Thuringia is just full of charming towns like Kahla that are a delight to see, and you might not ever know about unless you’re on some scenic route in Germany like the Saale-Randwanderweg or Saale Cycle Route.
The Saale Cycle Route will bring you right through Kahla from Orlamünde (about 5km away) or Lobeda (around 14km). Whichever way you’re coming from the countryside is quite picturesque, so take your time and enjoy the scenery.
As pretty as you’ll find Kahla’s countryside, it is a historical town too.
The City Church of St. Margaret that you’re looking at today took 84 years to build from 1411-1495. I should say rebuild, because it was destroyed by a fire in 1410 — so that means an even older church was originally here.

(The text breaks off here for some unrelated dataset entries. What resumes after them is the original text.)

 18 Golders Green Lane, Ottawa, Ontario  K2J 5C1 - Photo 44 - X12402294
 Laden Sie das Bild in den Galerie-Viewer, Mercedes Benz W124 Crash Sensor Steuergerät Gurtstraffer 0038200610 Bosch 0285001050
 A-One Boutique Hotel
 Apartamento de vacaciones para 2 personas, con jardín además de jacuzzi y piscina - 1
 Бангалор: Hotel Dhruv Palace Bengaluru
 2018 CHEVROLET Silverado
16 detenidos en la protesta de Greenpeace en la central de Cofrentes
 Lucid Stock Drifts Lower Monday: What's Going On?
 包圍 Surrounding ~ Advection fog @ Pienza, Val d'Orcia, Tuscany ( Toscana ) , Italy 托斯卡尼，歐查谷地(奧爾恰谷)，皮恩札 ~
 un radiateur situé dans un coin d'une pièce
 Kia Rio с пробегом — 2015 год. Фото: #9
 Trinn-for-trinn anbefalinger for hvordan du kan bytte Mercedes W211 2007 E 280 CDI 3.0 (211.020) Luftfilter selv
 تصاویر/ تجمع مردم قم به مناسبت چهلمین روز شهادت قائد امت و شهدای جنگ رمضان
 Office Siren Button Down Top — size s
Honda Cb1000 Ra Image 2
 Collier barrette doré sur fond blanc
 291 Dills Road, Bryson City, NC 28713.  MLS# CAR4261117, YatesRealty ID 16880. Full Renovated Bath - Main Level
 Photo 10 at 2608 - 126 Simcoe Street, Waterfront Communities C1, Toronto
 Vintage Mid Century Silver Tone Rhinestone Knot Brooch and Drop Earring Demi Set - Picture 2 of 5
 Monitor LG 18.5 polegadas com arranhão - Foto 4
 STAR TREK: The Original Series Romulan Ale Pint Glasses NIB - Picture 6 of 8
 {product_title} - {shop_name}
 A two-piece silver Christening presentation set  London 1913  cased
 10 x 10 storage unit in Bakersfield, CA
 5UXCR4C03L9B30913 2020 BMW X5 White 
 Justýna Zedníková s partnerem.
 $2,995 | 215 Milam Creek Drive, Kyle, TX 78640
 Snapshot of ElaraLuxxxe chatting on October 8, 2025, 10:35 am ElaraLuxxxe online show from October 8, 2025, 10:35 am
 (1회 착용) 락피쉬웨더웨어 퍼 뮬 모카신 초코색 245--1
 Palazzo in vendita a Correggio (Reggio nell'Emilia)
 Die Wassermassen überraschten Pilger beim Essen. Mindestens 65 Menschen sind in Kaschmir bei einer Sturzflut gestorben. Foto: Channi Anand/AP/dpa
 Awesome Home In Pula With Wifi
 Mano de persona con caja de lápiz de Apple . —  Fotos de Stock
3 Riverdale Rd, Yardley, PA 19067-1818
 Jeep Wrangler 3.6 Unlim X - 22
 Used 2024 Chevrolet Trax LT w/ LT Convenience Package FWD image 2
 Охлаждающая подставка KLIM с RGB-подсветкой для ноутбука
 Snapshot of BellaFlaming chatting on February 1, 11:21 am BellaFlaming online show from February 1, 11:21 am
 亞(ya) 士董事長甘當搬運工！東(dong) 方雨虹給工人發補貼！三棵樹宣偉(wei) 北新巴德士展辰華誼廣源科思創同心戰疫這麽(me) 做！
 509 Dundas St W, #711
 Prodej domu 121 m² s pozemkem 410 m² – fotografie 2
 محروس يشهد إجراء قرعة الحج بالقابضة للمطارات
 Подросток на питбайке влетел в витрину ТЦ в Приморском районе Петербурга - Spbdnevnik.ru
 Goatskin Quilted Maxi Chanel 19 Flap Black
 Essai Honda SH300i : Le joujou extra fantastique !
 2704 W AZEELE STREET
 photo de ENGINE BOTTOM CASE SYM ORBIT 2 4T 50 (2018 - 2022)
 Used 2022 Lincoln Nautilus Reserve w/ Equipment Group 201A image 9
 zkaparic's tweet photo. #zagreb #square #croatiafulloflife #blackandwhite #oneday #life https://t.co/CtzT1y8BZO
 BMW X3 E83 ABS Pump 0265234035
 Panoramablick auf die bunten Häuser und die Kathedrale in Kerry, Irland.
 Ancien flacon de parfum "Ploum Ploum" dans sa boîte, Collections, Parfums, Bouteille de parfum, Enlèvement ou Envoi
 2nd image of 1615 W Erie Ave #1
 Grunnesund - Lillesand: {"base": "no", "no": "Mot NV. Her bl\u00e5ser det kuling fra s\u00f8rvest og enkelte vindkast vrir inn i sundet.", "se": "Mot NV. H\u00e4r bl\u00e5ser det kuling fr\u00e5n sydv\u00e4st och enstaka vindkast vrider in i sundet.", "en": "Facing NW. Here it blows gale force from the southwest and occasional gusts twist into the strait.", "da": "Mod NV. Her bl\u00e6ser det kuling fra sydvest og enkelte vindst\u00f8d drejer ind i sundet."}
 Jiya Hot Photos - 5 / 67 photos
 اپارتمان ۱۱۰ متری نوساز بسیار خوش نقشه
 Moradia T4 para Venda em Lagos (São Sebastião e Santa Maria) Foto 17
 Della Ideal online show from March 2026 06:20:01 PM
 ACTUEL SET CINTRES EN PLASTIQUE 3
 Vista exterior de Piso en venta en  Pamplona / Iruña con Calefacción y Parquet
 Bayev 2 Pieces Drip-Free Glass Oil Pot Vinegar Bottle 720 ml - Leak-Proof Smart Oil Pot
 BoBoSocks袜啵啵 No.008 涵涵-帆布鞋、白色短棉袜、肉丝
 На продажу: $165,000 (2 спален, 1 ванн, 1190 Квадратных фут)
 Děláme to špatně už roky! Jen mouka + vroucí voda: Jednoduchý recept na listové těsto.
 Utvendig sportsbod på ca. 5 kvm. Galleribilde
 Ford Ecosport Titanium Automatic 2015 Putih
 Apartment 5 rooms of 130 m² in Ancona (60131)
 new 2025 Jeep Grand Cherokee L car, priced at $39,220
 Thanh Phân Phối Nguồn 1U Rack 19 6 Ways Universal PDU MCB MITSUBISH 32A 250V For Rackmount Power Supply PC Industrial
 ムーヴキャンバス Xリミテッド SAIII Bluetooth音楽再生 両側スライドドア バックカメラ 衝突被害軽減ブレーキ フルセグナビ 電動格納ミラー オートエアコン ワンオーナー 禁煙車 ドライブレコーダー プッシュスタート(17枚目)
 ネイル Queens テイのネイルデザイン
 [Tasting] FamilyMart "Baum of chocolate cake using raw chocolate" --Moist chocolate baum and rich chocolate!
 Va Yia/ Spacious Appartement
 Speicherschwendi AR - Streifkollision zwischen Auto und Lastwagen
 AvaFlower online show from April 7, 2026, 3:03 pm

As grand you’ll find the church’s architecture, it is the fact that Martin Luther preached here that makes it even more special.
Also from the Middle Ages is the Leuchtenburg. OK, what was once the Leuchtenburg. The inner and outer wall remain, as does the tower dungeon (now a museum), has a tavern, is a music and theater venue, and hosts a Walpurgis Night Festival.
Another venue for musicians and artists is the Metznersche Haus, who use the Local History Museum’s courtyard for artistic events. The building itself is a piece of Kahla’s history. It was built in the 16th century.
And back to a dungeon type experience, the Malzturm (Malt Tower) and Marterturm (Torture Tower) still survive from the town’s original Stadtmauer.
For 20th century history of Kahla, there is a Todesmarsch Stele — that is a monument to those who died here on Death March during World War II.
It’s not all about torture and history, rest assured. Kahla still likes to have a good time, which will be evident if you’re here for the Turner Kirmes at the end of October or the Kaninchen- und Landmarkt (also at the end of October) that sells all sorts of fish, cheeses, and locally made honey.
Eat up, because the Saale Cycle Route is waiting for you.